# [EXERCISE OBJECTIVE]
Copy out the listing that follows exactly, dropping every picture.

# [AVAILABLE DATA]

----------------------------------------

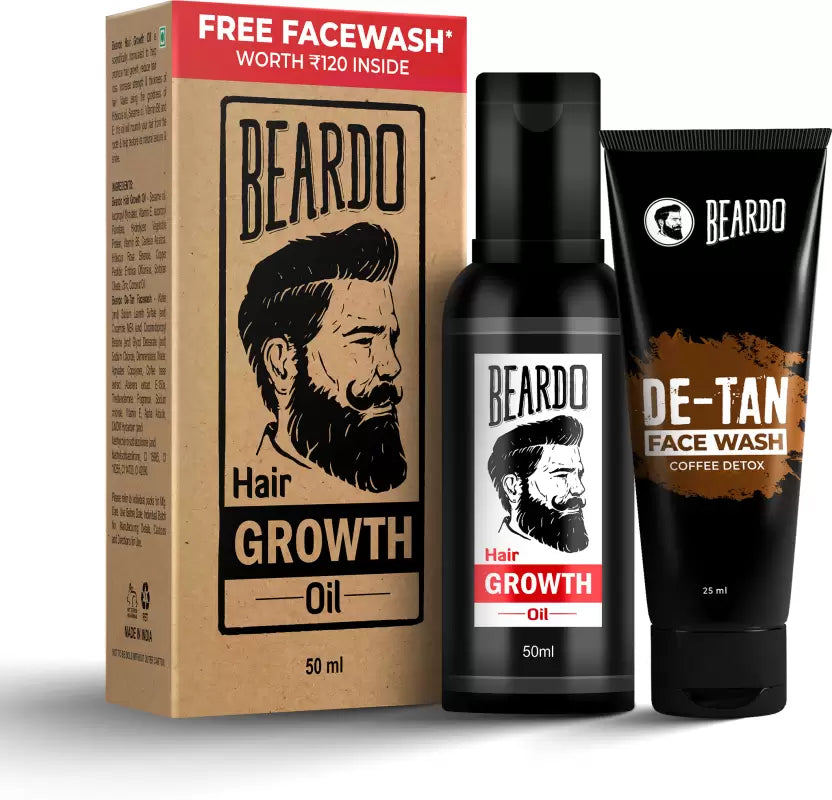 BEARDO GROWTH OIL 50ML/DE TAN F/W 25ML - House of Ateeq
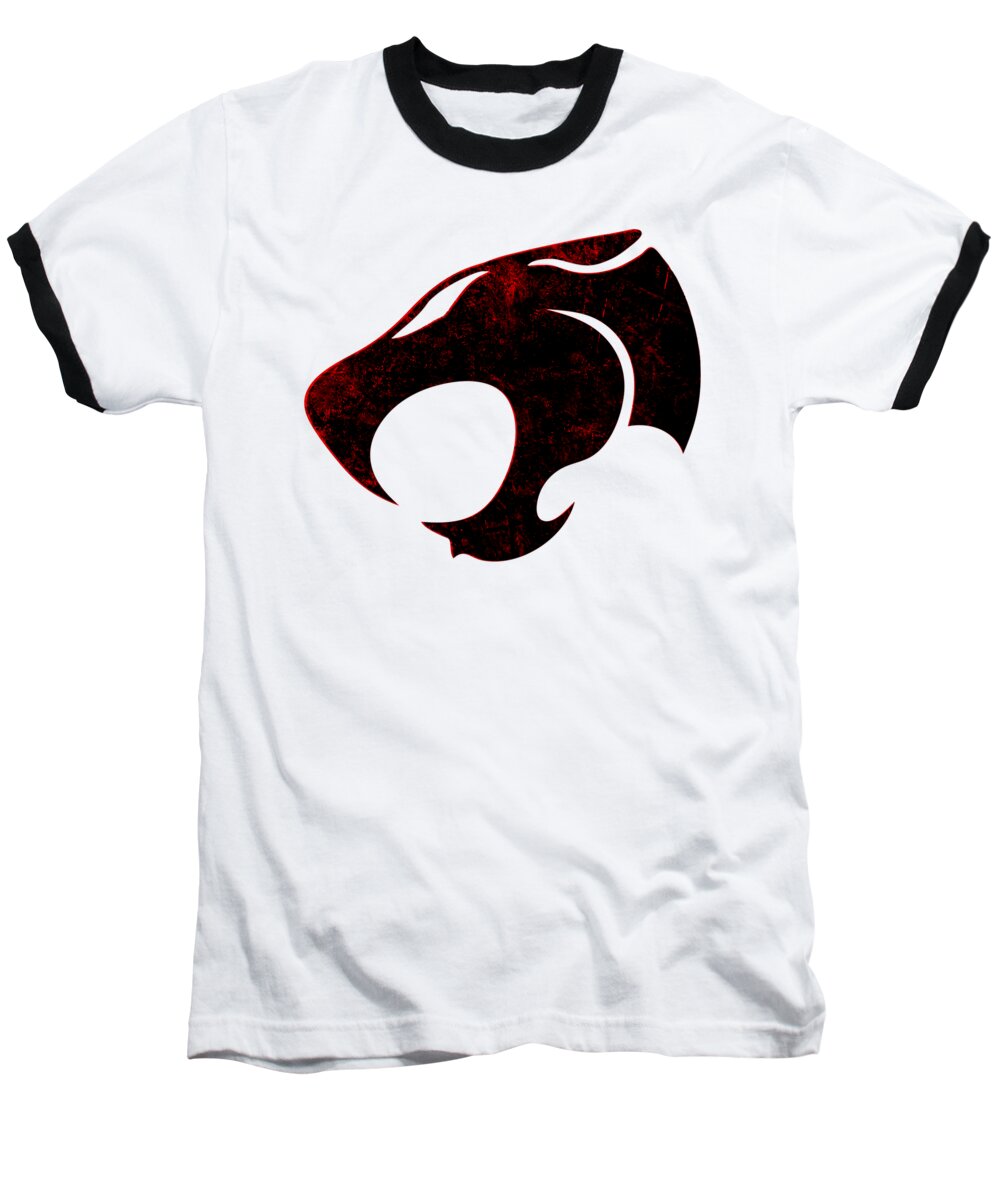 Thundera Distressed Thundercats Sign - Baseball T-Shirt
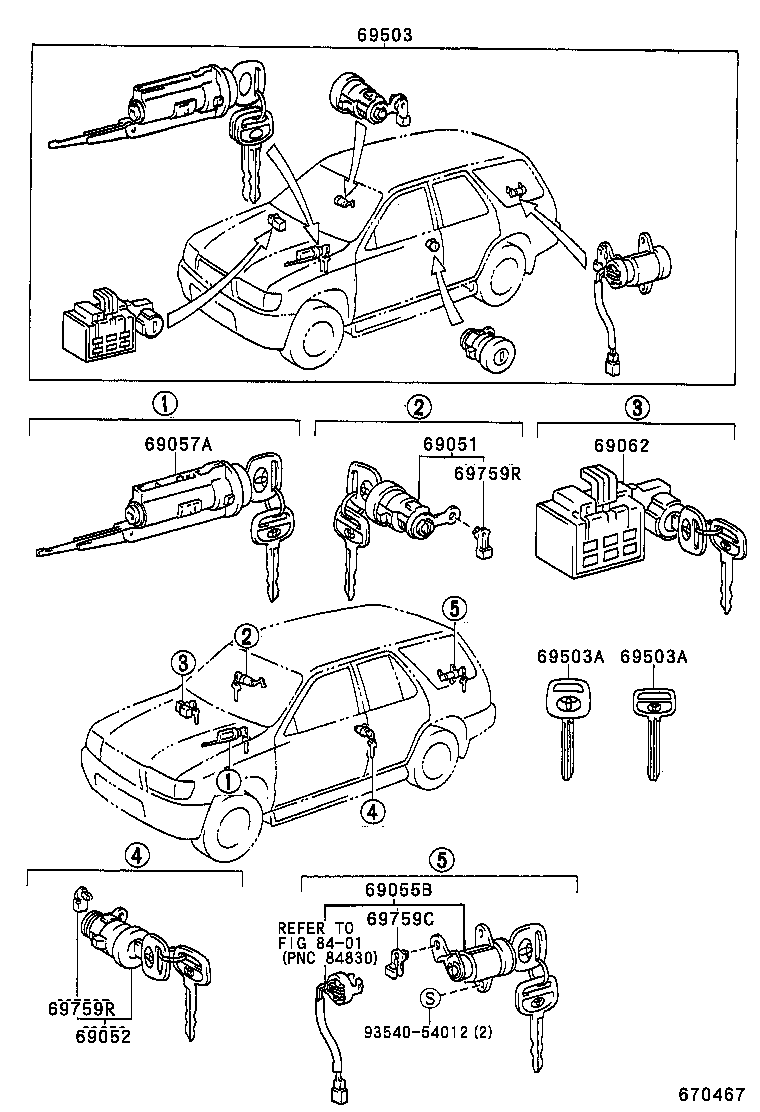 Exploded illustration 670467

----------------------------------------

# [YOUR SOLUTION]
 BEARDO GROWTH OIL 50ML/DE TAN F/W 25ML - House of Ateeq
 Thundera Distressed Thundercats Sign - Baseball T-Shirt
 Exploded illustration 670467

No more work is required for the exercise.